- Yakima Ridge Location within Washington (state)

Highest point
- Elevation: 4,195 ft (1,279 m) NAVD 88
- Prominence: 1,224 ft (373 m)
- Coordinates: 46°35′25″N 120°04′39″W﻿ / ﻿46.590173233°N 120.077637058°W

Geography
- Location: Yakima and Benton, counties, Washington
- Topo map: USGS Black Rock Spring

= Yakima Ridge =

Anticline mountain ridge in Washington, USA

Yakima Ridge is a long anticline mountain ridge in Yakima County and Benton County in the U.S. state of Washington.

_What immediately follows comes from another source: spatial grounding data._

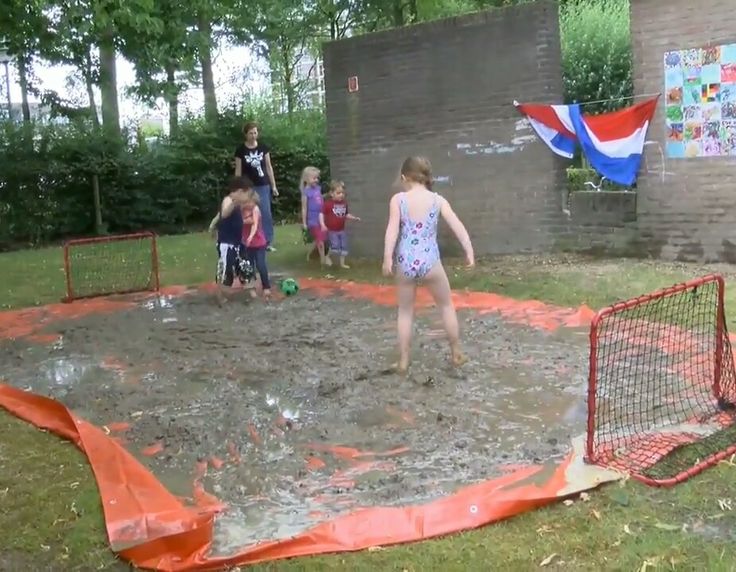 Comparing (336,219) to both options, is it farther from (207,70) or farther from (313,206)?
(207,70)

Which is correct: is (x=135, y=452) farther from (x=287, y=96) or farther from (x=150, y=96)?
(x=287, y=96)

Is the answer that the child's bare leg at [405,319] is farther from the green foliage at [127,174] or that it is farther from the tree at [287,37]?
the tree at [287,37]

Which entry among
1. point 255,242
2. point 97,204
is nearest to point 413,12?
point 97,204

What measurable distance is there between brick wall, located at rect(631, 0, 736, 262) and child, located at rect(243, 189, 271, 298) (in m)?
4.42

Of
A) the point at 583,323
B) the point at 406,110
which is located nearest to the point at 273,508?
the point at 583,323

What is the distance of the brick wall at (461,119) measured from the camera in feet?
35.0

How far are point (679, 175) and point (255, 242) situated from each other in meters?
4.80

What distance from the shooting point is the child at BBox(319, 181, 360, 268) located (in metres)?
11.5

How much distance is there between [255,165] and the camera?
437 inches

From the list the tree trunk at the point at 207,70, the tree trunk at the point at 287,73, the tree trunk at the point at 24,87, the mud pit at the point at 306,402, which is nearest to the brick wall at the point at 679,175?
the mud pit at the point at 306,402

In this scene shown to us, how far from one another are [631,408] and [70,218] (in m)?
14.6

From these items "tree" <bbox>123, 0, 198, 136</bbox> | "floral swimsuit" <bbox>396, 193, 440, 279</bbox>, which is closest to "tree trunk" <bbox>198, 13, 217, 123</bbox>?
"tree" <bbox>123, 0, 198, 136</bbox>

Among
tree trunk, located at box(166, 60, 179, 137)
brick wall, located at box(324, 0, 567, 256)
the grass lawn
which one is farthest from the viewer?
tree trunk, located at box(166, 60, 179, 137)

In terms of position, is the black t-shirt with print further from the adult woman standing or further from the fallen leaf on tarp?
the fallen leaf on tarp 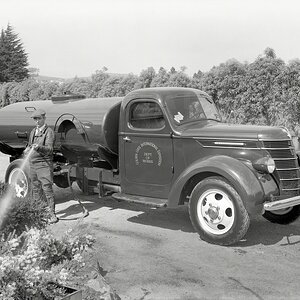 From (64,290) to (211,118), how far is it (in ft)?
16.4

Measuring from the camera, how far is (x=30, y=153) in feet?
23.7

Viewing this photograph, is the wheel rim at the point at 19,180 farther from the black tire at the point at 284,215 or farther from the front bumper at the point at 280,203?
the front bumper at the point at 280,203

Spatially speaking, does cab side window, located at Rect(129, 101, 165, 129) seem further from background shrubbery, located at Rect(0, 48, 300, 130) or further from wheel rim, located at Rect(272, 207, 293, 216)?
background shrubbery, located at Rect(0, 48, 300, 130)

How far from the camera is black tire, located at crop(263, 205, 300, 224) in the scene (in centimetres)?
685

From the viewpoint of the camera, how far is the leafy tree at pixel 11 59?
62.7m

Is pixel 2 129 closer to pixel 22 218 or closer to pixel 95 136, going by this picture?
pixel 95 136

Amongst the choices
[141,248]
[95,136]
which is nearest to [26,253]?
[141,248]

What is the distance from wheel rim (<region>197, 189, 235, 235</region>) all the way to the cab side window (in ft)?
4.45

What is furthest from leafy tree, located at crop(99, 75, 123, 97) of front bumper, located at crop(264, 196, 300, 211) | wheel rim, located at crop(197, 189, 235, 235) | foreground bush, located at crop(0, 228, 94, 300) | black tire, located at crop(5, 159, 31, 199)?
foreground bush, located at crop(0, 228, 94, 300)

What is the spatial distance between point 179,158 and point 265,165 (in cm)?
128

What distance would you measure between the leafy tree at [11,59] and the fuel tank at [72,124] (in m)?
53.2

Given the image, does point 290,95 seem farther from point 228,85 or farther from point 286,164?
point 286,164

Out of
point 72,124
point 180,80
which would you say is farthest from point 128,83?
point 72,124

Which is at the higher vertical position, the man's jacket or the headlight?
the man's jacket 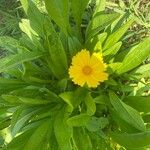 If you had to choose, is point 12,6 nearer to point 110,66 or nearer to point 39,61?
point 39,61

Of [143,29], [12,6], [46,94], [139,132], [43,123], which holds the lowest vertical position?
[139,132]

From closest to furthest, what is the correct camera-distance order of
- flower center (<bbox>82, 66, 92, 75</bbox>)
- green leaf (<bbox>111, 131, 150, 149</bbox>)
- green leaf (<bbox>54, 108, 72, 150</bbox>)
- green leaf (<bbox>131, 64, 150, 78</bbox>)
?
1. green leaf (<bbox>111, 131, 150, 149</bbox>)
2. green leaf (<bbox>54, 108, 72, 150</bbox>)
3. flower center (<bbox>82, 66, 92, 75</bbox>)
4. green leaf (<bbox>131, 64, 150, 78</bbox>)

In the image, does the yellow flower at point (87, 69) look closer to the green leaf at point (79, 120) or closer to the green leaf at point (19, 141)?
the green leaf at point (79, 120)

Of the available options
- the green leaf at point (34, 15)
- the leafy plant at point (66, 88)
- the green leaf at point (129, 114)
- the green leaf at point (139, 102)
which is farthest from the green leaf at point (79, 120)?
the green leaf at point (34, 15)

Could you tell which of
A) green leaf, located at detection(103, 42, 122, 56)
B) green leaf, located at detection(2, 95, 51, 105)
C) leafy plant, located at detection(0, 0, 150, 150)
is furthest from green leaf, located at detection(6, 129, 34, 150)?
green leaf, located at detection(103, 42, 122, 56)

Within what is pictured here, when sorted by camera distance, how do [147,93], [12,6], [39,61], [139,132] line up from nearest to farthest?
[139,132]
[39,61]
[147,93]
[12,6]

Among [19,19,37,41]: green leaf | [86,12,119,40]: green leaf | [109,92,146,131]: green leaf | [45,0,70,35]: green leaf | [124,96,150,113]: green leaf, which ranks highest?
[19,19,37,41]: green leaf

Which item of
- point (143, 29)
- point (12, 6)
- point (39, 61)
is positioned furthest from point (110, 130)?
point (12, 6)

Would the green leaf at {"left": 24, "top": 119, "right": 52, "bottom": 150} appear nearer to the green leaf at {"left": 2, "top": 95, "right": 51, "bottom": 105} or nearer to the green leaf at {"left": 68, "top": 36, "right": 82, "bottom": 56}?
the green leaf at {"left": 2, "top": 95, "right": 51, "bottom": 105} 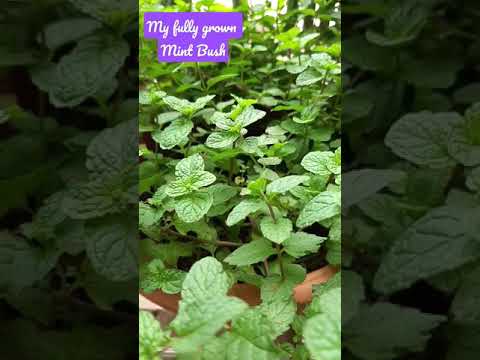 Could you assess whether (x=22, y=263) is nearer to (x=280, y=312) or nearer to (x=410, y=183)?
(x=280, y=312)

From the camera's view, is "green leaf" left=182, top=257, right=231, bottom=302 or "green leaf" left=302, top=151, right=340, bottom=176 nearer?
"green leaf" left=182, top=257, right=231, bottom=302

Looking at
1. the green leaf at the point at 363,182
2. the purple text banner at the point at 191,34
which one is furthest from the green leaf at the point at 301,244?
the purple text banner at the point at 191,34

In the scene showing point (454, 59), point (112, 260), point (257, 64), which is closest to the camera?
point (112, 260)

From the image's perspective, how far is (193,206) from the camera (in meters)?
0.65

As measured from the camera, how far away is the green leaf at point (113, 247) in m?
0.50

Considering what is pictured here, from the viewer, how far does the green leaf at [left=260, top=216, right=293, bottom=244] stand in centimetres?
61

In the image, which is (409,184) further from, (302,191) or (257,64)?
(257,64)

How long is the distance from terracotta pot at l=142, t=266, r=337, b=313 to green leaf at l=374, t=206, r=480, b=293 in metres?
0.18

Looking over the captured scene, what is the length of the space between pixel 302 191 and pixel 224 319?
33cm

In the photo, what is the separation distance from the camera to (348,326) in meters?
0.47

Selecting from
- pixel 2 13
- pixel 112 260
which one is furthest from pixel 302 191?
pixel 2 13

From its western end just north of the city of Yakima, the ridge runs east-southeast through the Yakima Training Center to its eastern end at Hanford Reach National Monument and the Hanford Site. Yakima Ridge is paralleled on the north by Umtanum Ridge and on the south by the Rattlesnake Hills. Moxee Valley and Black Rock Valley lie south of Yakima Ridge.

Yakima Ridge is part of the Yakima Fold Belt of east-tending long ridges formed by the folding of Miocene Columbia River basalt flows.

The Yakima River cut a water gap through Yakima Ridge at Selah Gap. The river cut through other ridges at locations including Umtanum Ridge Water Gap and Union Gap at Ahtanum Ridge.